++++ RECORDS SHOWN
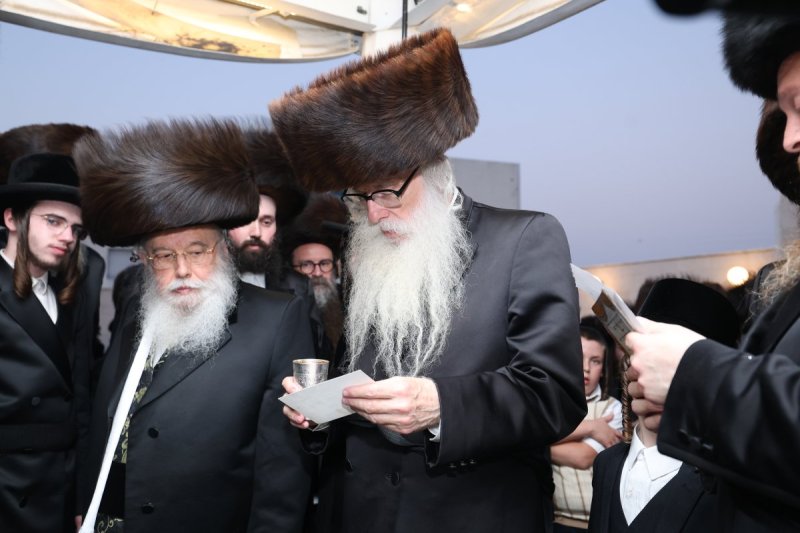 דוד ארזני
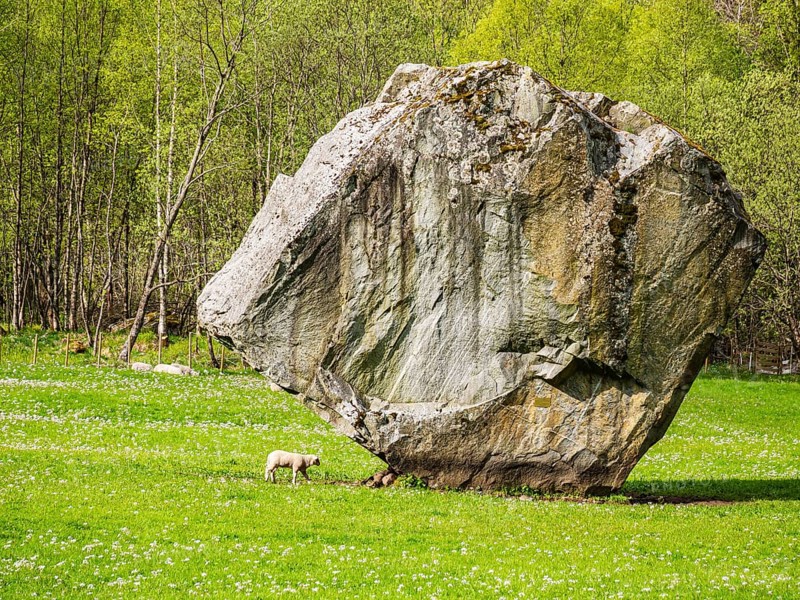 Single large rock Oddmundsteinen on farmland, greasing sheep, spring, south of Odda at the Hardangerfjord, Hardanger, Norway, Europe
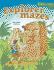 Explorer Mazes (Maze Craze Book)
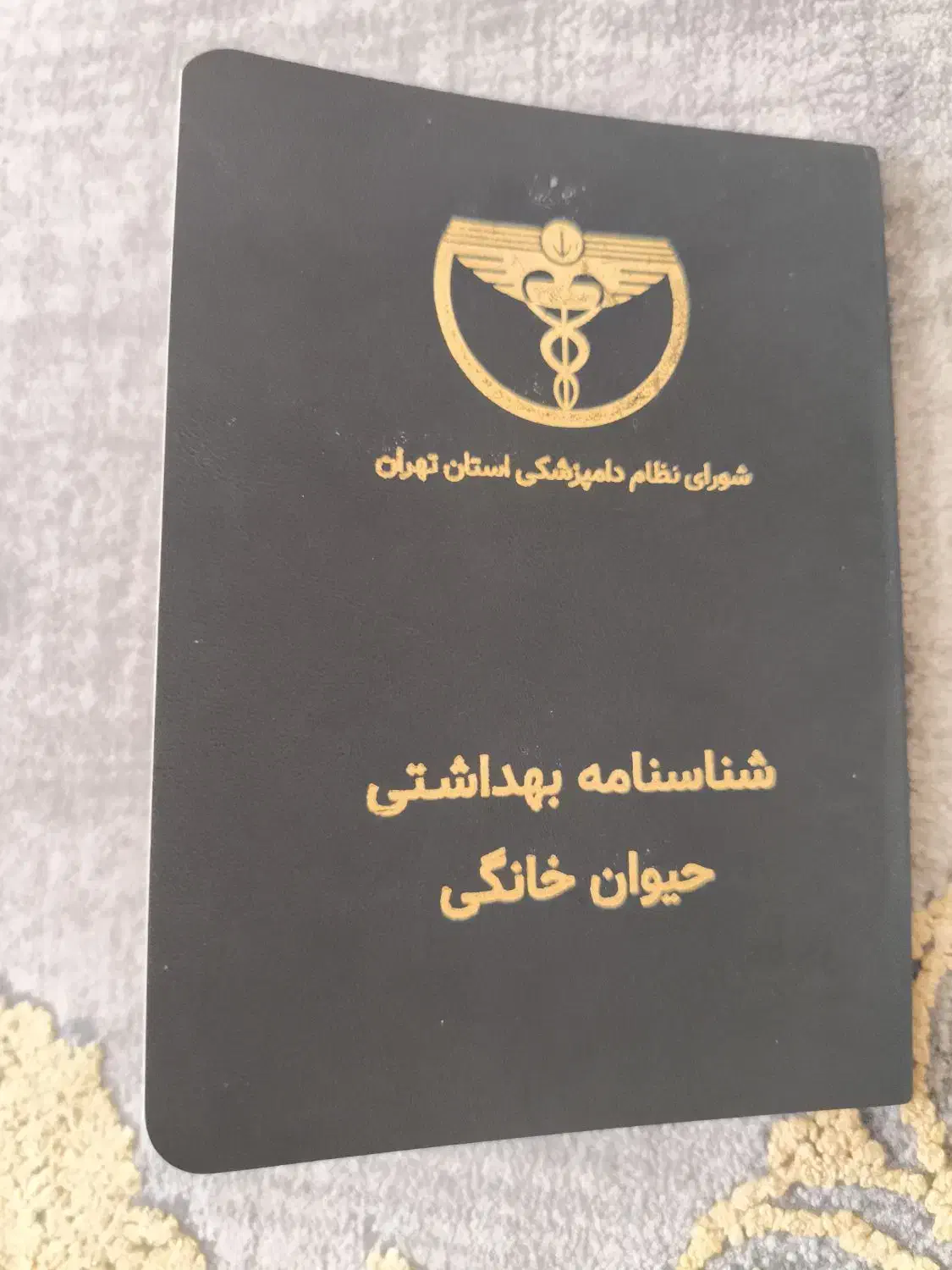 سگ پامر 3ماهه رنگ کاراملی بسیار بازیگوش|سگ|ورامین, ورامین|دیوار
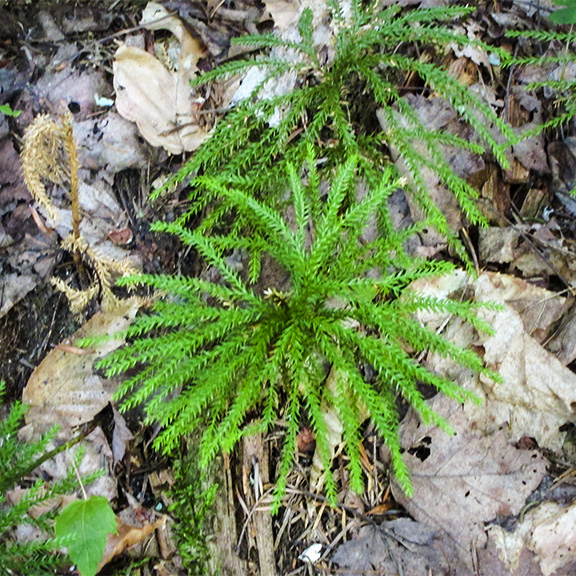 Clubmosses of the Adirondacks: Princess Pine (Lycopodium obscurum) on the Boreal Life Trail (1 September 2012). Clubmosses of the Adirondacks: Princess Pine (Lycopodium obscurum) on the Boreal Life Trail (1 September 2012).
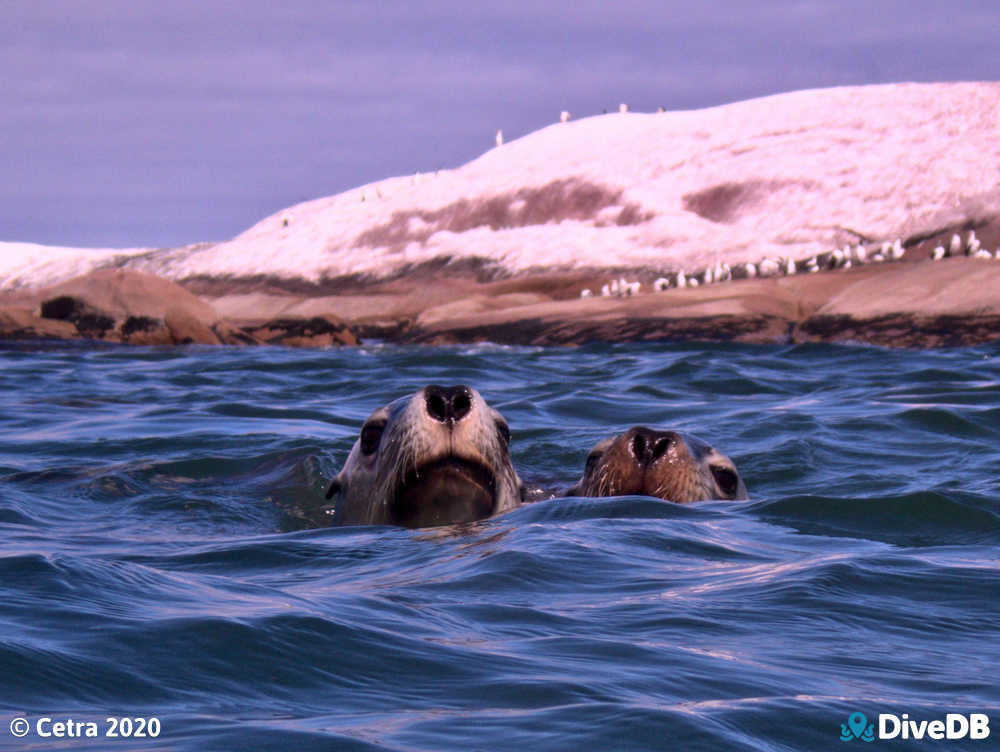 Sealion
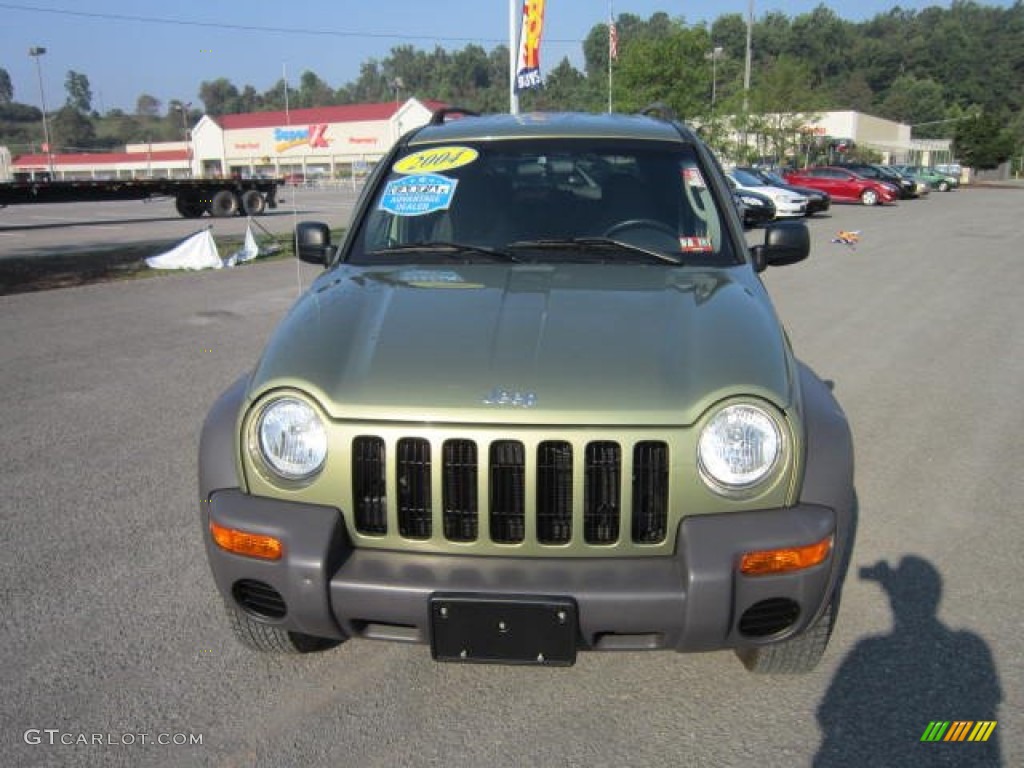 2004 Liberty Sport 4x4 - Cactus Green Pearl / Dark Slate Gray photo #2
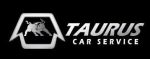 Taurus Car Service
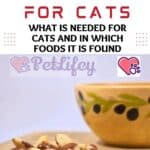 Thiamine for cats: what is needed for cats and in which foods it is found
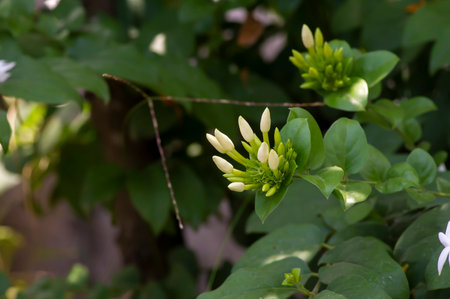 White crepe Jasmine flower buds (Tabernaemontana divaricata), shallow focus.の写真素材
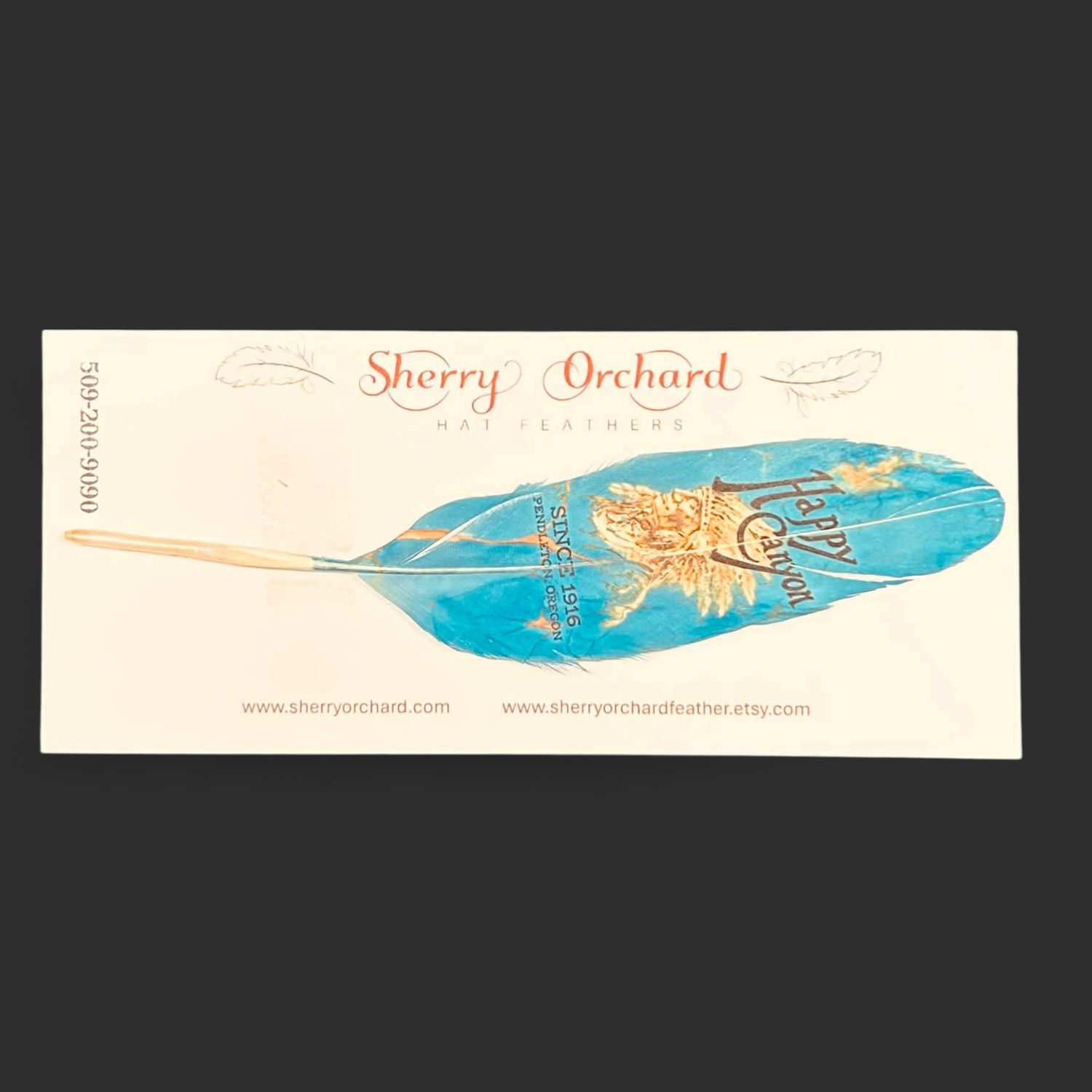 Happy Canyon Turquoise Hat Feather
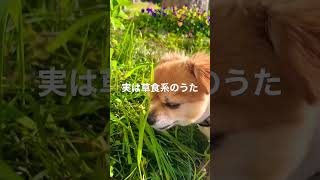 実は胃の調子悪いうた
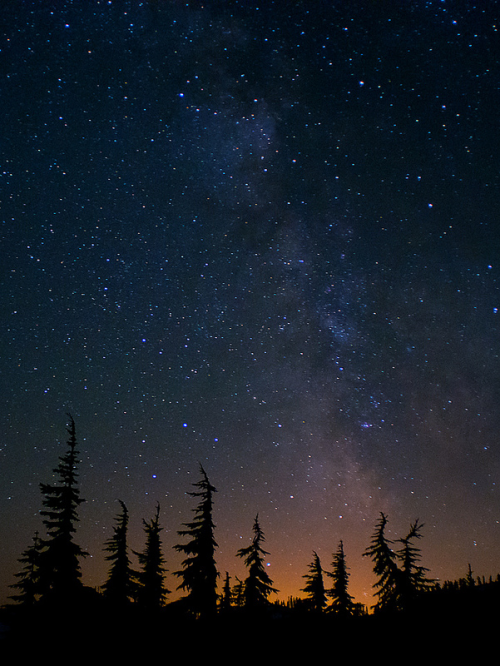 oecologia:  Milky Way Trees (Mount Baker, Washington) by Eric Mickelson. 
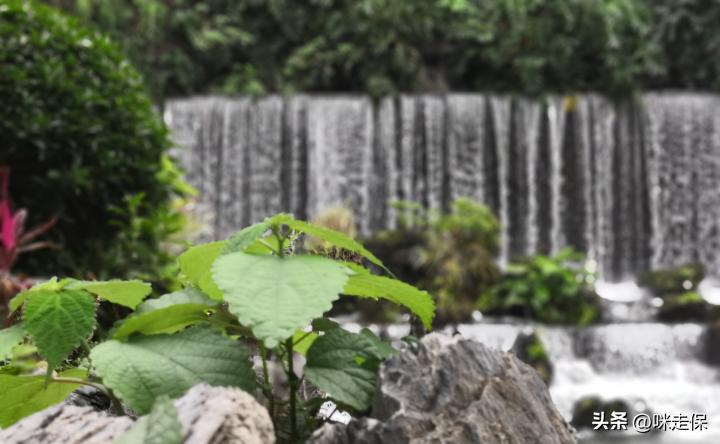 特定养老储蓄有什么用,今年还有特定养老储蓄吗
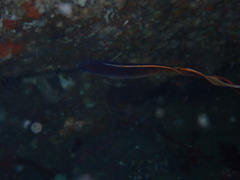 Trachinops caudimaculatus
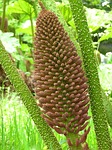 mammoth sheet gunnera manicata blossom bloom inflorescence giant stock photo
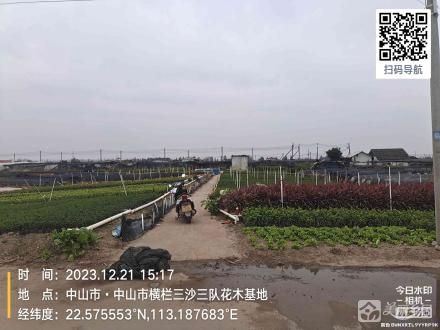 西边寨花地8号地（中山市横栏镇三沙股份合作经济联合社（五组））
++++++++
> [EXERCISE DETAILS]: The expected output is the full data above, reproduced exactly with no images.

> [RESPONSE TO THE TASK]:
 דוד ארזני
 Single large rock Oddmundsteinen on farmland, greasing sheep, spring, south of Odda at the Hardangerfjord, Hardanger, Norway, Europe
 Explorer Mazes (Maze Craze Book)
 سگ پامر 3ماهه رنگ کاراملی بسیار بازیگوش|سگ|ورامین, ورامین|دیوار
 Clubmosses of the Adirondacks: Princess Pine (Lycopodium obscurum) on the Boreal Life Trail (1 September 2012). Clubmosses of the Adirondacks: Princess Pine (Lycopodium obscurum) on the Boreal Life Trail (1 September 2012).
 Sealion
 2004 Liberty Sport 4x4 - Cactus Green Pearl / Dark Slate Gray photo #2
 Taurus Car Service
 Thiamine for cats: what is needed for cats and in which foods it is found
 White crepe Jasmine flower buds (Tabernaemontana divaricata), shallow focus.の写真素材
 Happy Canyon Turquoise Hat Feather
 実は胃の調子悪いうた
 oecologia:  Milky Way Trees (Mount Baker, Washington) by Eric Mickelson. 
 特定养老储蓄有什么用,今年还有特定养老储蓄吗
 Trachinops caudimaculatus
 mammoth sheet gunnera manicata blossom bloom inflorescence giant stock photo
 西边寨花地8号地（中山市横栏镇三沙股份合作经济联合社（五组））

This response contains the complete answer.